▶ Requirement
Set down, please, exactly the lines below that run from the line with "福冈青梗菜种子早生不结球白菜耐温耐湿丰产束腰青菜种子四季播种" to the line with "Lesions: Sheath Rot of Rice", both lines included.

▶ Data for processing
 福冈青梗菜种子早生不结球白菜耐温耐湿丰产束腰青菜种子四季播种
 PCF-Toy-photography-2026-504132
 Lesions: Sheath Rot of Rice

==

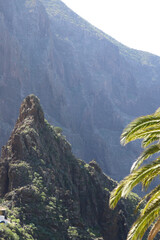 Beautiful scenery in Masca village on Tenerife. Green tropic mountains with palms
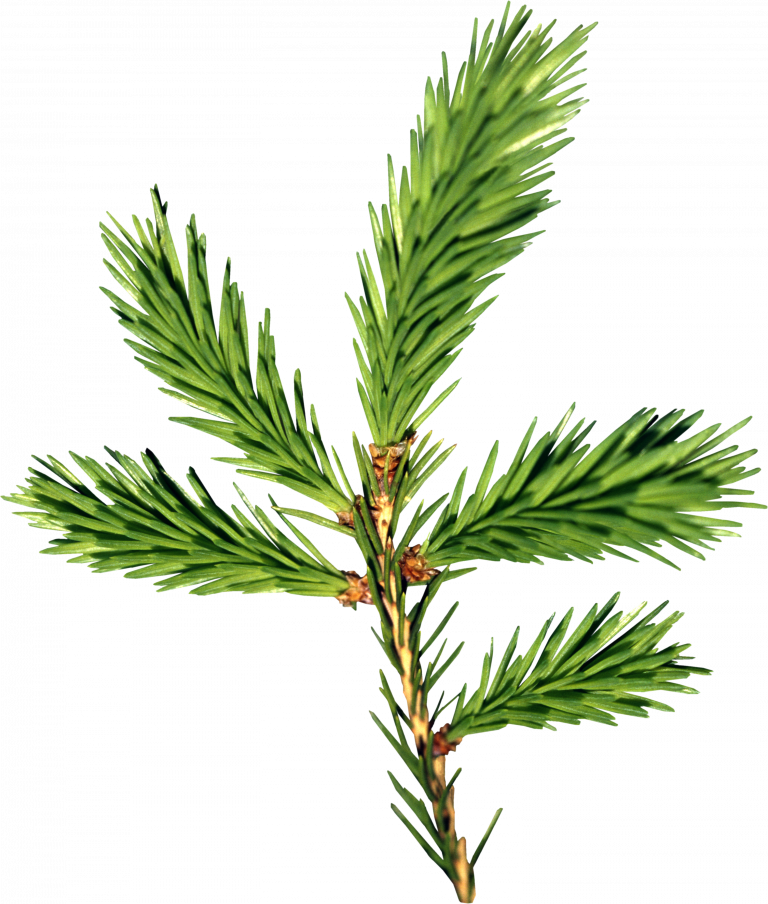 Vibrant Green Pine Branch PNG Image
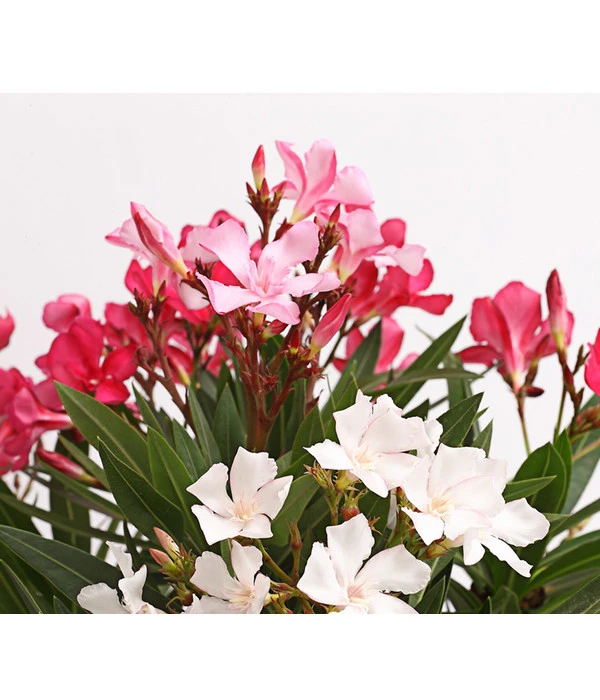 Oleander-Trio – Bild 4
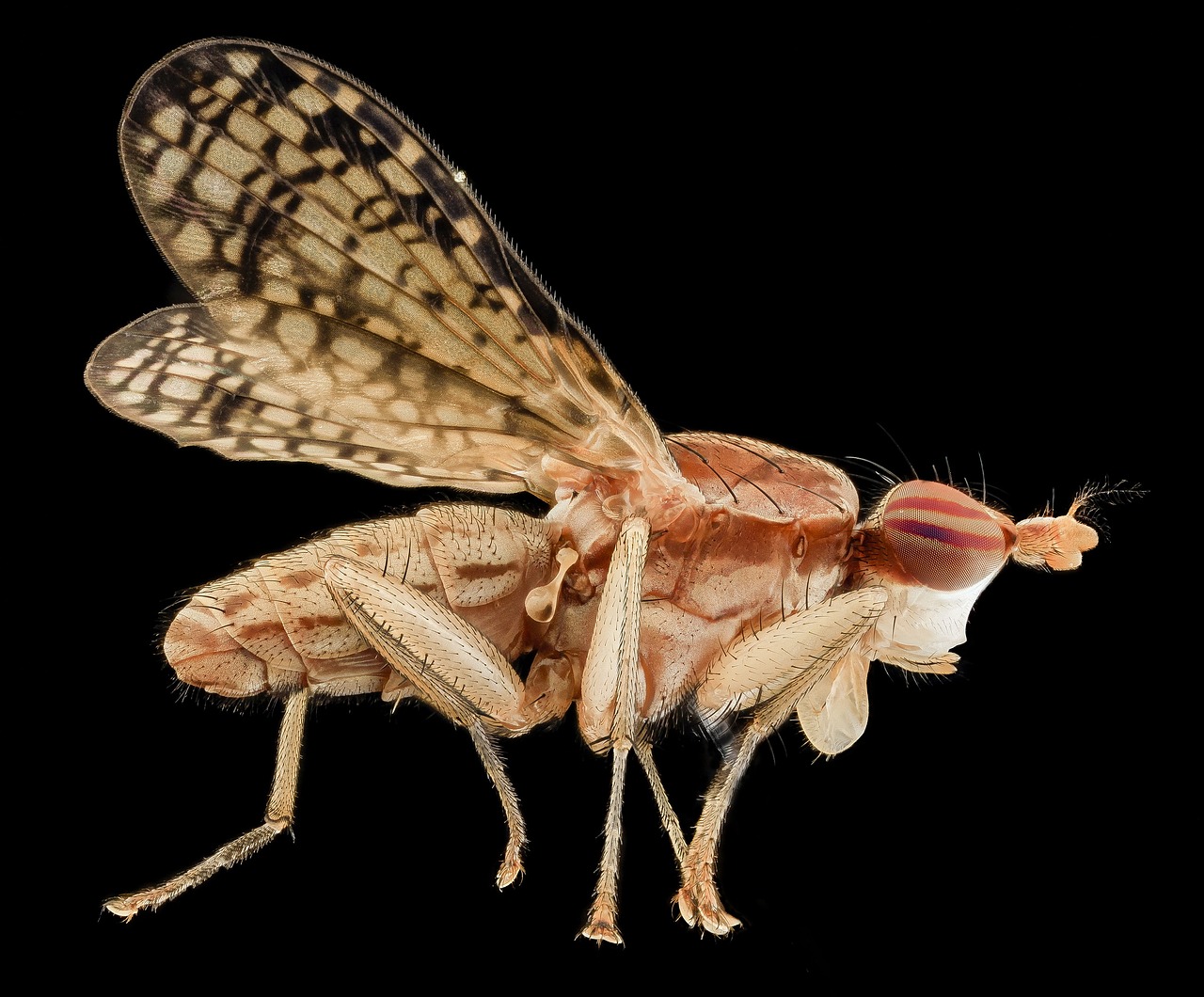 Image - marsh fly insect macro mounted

▶ Finished task
 福冈青梗菜种子早生不结球白菜耐温耐湿丰产束腰青菜种子四季播种
 PCF-Toy-photography-2026-504132
 Lesions: Sheath Rot of Rice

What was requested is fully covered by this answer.